• [EXERCISE OBJECTIVE] Each line from the beginning of the data below through the line containing "Chanel A01112 Flap" should be repeated exactly, please.
==== EXERCISE MATERIALS ====
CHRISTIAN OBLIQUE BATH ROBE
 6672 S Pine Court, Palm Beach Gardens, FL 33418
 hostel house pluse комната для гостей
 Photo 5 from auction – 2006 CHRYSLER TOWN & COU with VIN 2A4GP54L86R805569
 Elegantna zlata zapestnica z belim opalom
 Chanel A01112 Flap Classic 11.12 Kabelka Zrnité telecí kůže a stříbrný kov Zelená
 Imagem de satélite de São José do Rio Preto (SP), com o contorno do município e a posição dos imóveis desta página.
====
• [THE ANSWER]
CHRISTIAN OBLIQUE BATH ROBE
 6672 S Pine Court, Palm Beach Gardens, FL 33418
 hostel house pluse комната для гостей
 Photo 5 from auction – 2006 CHRYSLER TOWN & COU with VIN 2A4GP54L86R805569
 Elegantna zlata zapestnica z belim opalom
 Chanel A01112 Flap Classic 11.12 Kabelka Zrnité telecí kůže a stříbrný kov Zelená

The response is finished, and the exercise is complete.